A Cyprus International Trust (CIT) provides for a high level of confidentiality and a very high degree of asset protection, in that the assets settled into a CIT are sheltered against potential claims, as they are segregated from the settlor’s funds. Assets are also shielded against subsequent bankruptcy or liquidation of the settlor, or creditors’ action against the settlor or the beneficiaries, irrespective of whether the trust was set up without consideration or to the benefit of the settlor or his/her family, unless it can be proven that the CIT was set up with the intention of the settlor to defraud his creditors. The hardening period within which a claim can be brought against the trustee by a creditor is 2 years from the date of transfer of the trust property in the CIT.
Another important aspect of CITs is the fact that Cyprus courts have exclusive jurisdiction over matters to be decided in respect of a CIT Trust Deed, where Cyprus Law is the governing law of the Trust Deed and as such a foreign judgement dealing with any issues of a CIT is not enforceable in Cyprus and this enhances the strong asset protection qualities of a CIT. Conversely, Cyprus provides a ‘firewall’ legislation, in that section 12C of the Amending Law (as defined below) provides that where a trust instrument is expressed to be governed by Cyprus Law, then the provisions of the Law apply thereto notwithstanding any other conflicts of law rules that are effective in Cyprus and the said section goes on to say that paragraph (1) above is a fundamental rule, the observance of which is a matter of Cypriot public order.
Additionally, the tax benefits of a CIT are substantial and HNWIs around the globe use a CIT within their corporate or private wealth structure in order to optimize their tax planning, since all income, gains and profits from non-Cyprus sources are exempted, among other, from income tax, capital gains or withholding tax on dividends, interest or royalties and no estate duty or inheritance tax is due in Cyprus.
In conclusion, a CIT provides the highest level of asset protection, privacy, flexibility, perpetual existence and many tax benefits and is unaffected by matrimonial property or succession laws or forced heirship claims.
In 2012 and specifically in March 2012, the International Trusts Law of 1992, L.69(I)/1992 (the “Old Law”) has been extensively amended through the enactment of the International Trusts (Amending) Law of 2012, L.20(I)/2012 (the “Amending Law”), modernizing and updating the existing legal framework in order to reaffirm the position of Cyprus as a significant trust jurisdiction.
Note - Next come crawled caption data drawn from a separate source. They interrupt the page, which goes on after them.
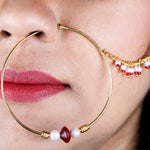 Load image into Gallery viewer, Abhinn Latest Gold Plated Large Hoop Nose Ring With Red and White Beads
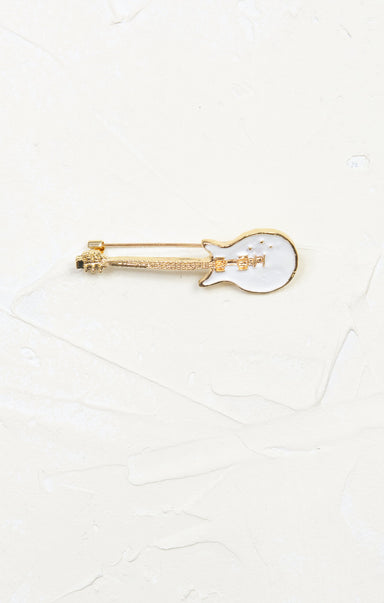 White Guitar Brooch, pin, brooch, white and gold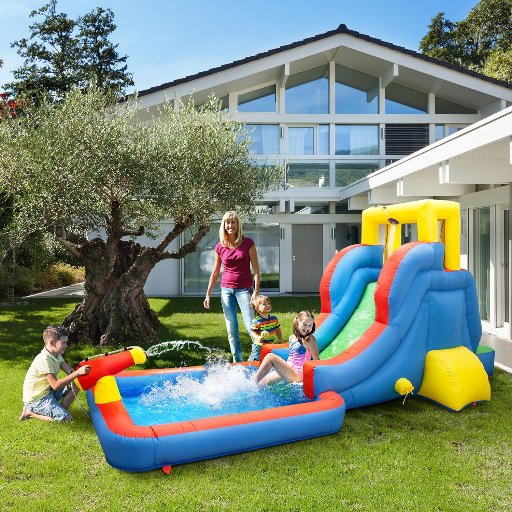 PicassoTiles KC108 Water Slide Park Inflatable Bouncing House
On September 2013, the House of Representatives enacted the International Trusts (Amending) Law of 2013, L.98(I)/2013 (the “2013 Amending Law” and together with the Old Law and the Amending Law, the “Law”).
- The Law provides that in order for a trust to be considered a CIT and thus come under the ambit of the Law, it is necessary that the settlor and beneficiaries are not residents of Cyprus in the year preceding the creation of the trust and that at least one of the trustees is a resident of Cyprus, without making it prohibitory for such settlor and beneficiaries to subsequently take up residence in Cyprus. The term resident of Cyprus is determined in accordance with the Income Tax Laws of the Republic of Cyprus.
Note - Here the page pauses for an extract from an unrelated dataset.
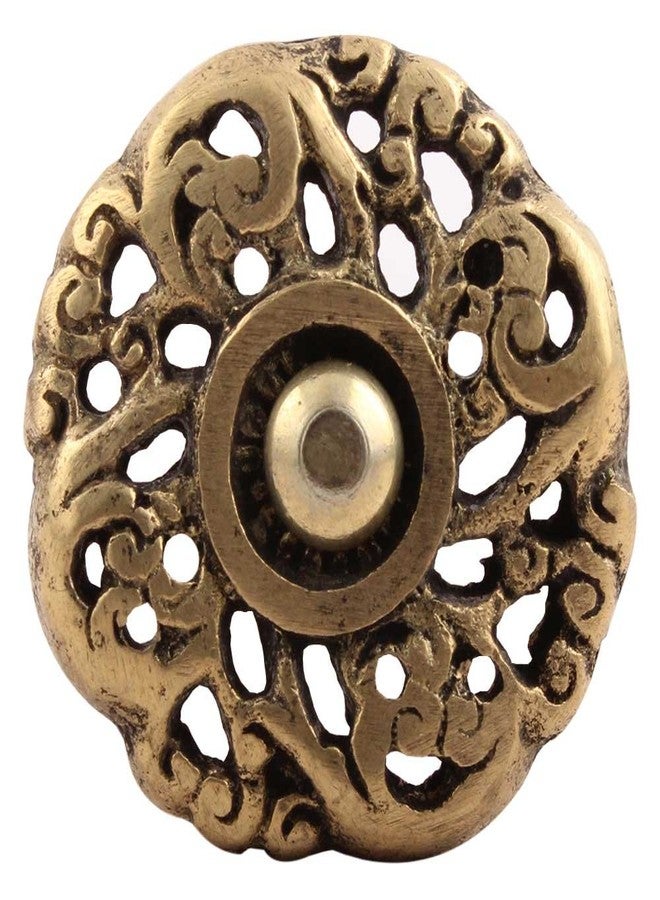 Indian-Shelf 2 Piece Gold Knobs -Brass Antique Knobs for Drawers - Blossom Drawer Handles - 3.81 cm Drawer Pulls - Image 2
- Section 3 of the Law provides that no trust shall be void unless, and to the extent that it is proven in Court by a creditor, that, at the time of the transfer of assets to the trust, this transfer was conducted with the intent to defraud. The burden of proof consequently lies
with the creditor and no such action may be brought against the trustee after 2 years from the date of the transfer of the property under the trust.
- Section 5 of the Law provides that there is no limit on the period for which a trust may continue to be valid and enforceable, and that no rule against perpetuities or remoteness of vesting or any analogous rule will apply. Conversely, section 4 of the Law provides that if no provision is expressly included in the trust instrument, pertaining to a CIT, to the effect that the CIT is revocable, it is considered irrevocable. According to section 6, income may accumulate for any period with the period of the trust.
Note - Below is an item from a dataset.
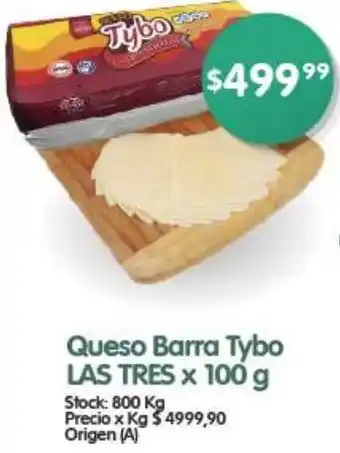 Supermercados Buenos Días Queso Barra Tybo LAS TRES X 100g oferta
- Section 9 of the Law allows for the change of the governing law of the relevant trust to and from the law of the Republic of Cyprus, if such change is authorised by the terms of the trust itself, which provides flexibility for the clients to change the governing law to and from Cyprus law, depending on which jurisdiction is most advantageous for the client’s circumstances at any given time.
- The trustee, protector, enforcer or any other person are prohibited from disclosing any information about the trust, except where required under anti-money laundering legislation, which the aforesaid persons have an obligation to be in compliance with, or where a court order to this effect is issued by a competent Court.
- The instrument creating a CIT is subject to a flat stamp duty of €430.